Hardup by J. Scott Matthews

Hardup by J. Scott Matthews

Author:J. Scott Matthews [Matthews, J. Scott]
Language: eng
Format: epub
Publisher: J. Scott Matthews
Published: 2014-12-31T16:00:00+00:00


chapter 12. comparison shopping for the right catapult

Jason, Raj, and Dirk sat in their room at HackLabs waiting for Tucker to arrive so that they could begin their meeting.

“Why didn’t Tucker come over with you guys?” Jason asked.

“He had something to do this morning, said he’d meet up with us here.”

“More like someone to do,” Dirk said.

“Sorry I’m late you guys,” Tucker said as he sauntered into the room.

“It’s OK, but every time you’re late we take some of your equity and divide it amongst ourselves!” Raj said with a smile.

They all laughed at this. They always laughed when someone made this joke, which was a lot.

“Any feedback on the prototype?” Dirk asked.

“It’s amazing!” Raj enthused. “Absolutely incredible!”

“Yeah, agreed, it’s pretty awesome. I think the only thing that would make it better would be if it made you a sandwich after!” Tucker said, laughing at his own joke. “Or better yet, you should make it so that it cries when you’ve been together for six months and you tell it ‘I don’t really considering us to be dating.’ Then it would be perfect!”

The others looked at him wordlessly, then at each other.

“It’s great,” Jason offered weakly.

“Oh shit, he didn’t even try it,” Tucker said.

“I did… I… No, I didn’t,” Jason admitted. “I tried, but I just… never got around to it.”

“You don’t trust me with your junk, is that it?” Dirk asked, putting a hand on Jason’s shoulder and looking him earnestly in the eye. Jason could never tell if he was being serious or if that was just Dirk’s dust-bowl-dry sense of humor at work.

“I’ll get to it,” was all Jason could say.

“He’s probably sore from being knee-deep in pussy all the time,” Tucker said, snorting at his own joke. He was never one to miss an opportunity to be an asshole.

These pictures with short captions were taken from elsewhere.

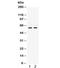 Matrix Metallopeptidase 8 antibody, R32022, NSJ Bioreagents, Western Blot image 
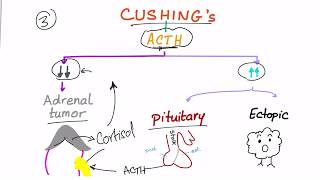 Cushing Syndrome Diagnostic Workup [upl. by Garihc409]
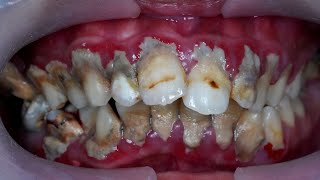 25yo MALE  TARTAR INVASION  SCALING  Dentist  Dokter Gigi Tri Putra [upl. by Coonan691]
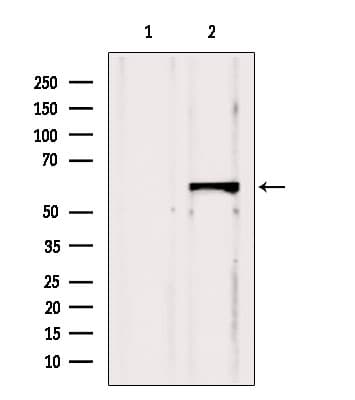 CBS Antibody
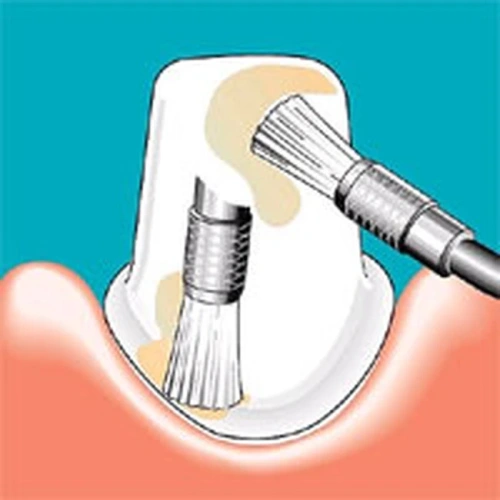 Sonicflex clean brush №6 - насадка-щетка валик большой для чистки зубов, 5 шт. | KaVo (Германия)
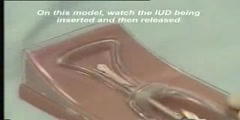 Insertion of Intra-Uterine Device IUD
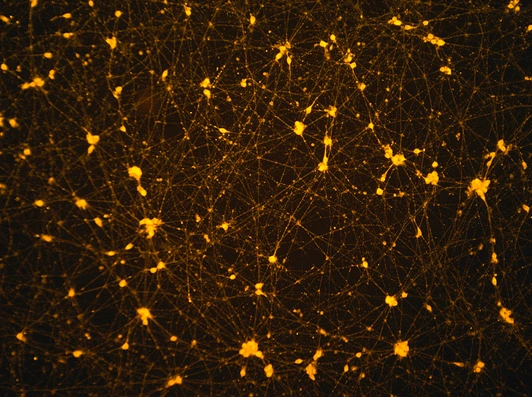 Hypothalamic-like neurons developed from patient-specific induced pluripotent stem cells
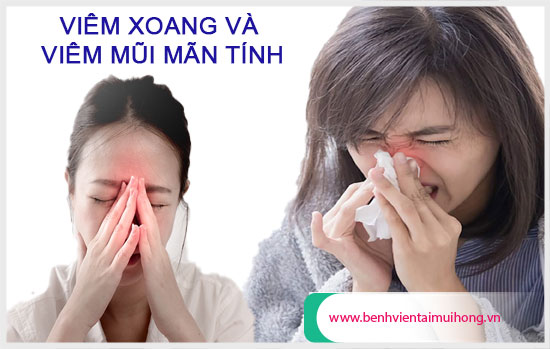 Phân biệt viêm xoang và viêm mũi mãn tính Phan-biet-viem-xoang-va-viem-mui-man-tinh-va-huong-dan-dieu-tri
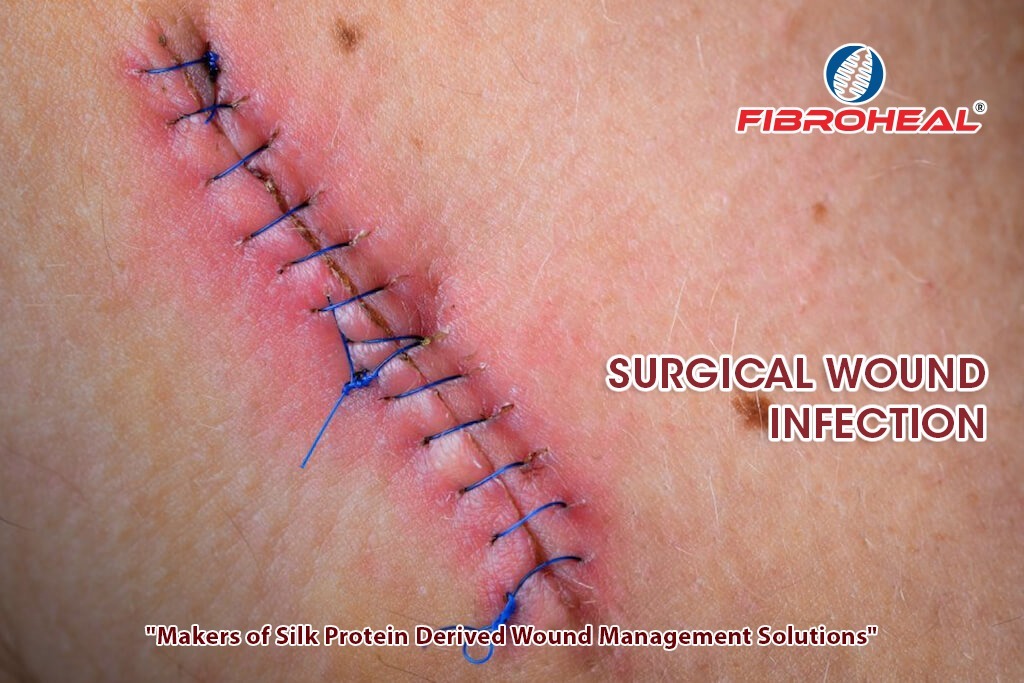 Surgical Wound Infection: Causes, Symptoms, Treatment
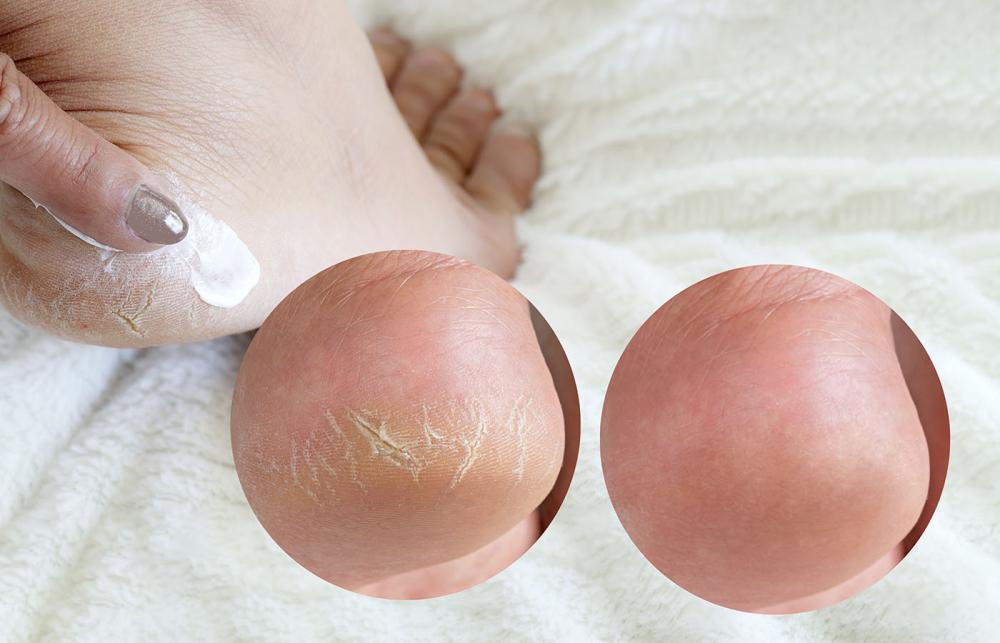 Foot Cream - Before and After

“OK, well, Jason try to get around to that when you get a chance. And give Dirk your feedback. Alright then, next order of business is that now that we have a working prototype, we need to talk about accelerators. Specifically, which one do we want to join and how do we get into it?”

“Wait a minute,” Jason said. “I thought Dirk was supposed to be handling all of that. What did you call him again? A ‘hardware genius’?”

“I did and—”

“I am,” Dirk said, cutting in. “But I told you that I could get you to the MVP prototype stage, not the final finished version. That I need help with.”

“What’s the difference?” Jason asked.

“Well, you saw the last prototype. I can cobble just about anything together and make it work at a basic level. But when you start building advanced features and functionality into it, then things get a little tricky for me. So for example, with our current prototype everything is soldered onto a breadboard, but you can’t do that for the final version. You have to have a professionally designed and laid-out board that has been thoroughly tested before you can go into mass production. Doing everything by hand would be too time-consuming.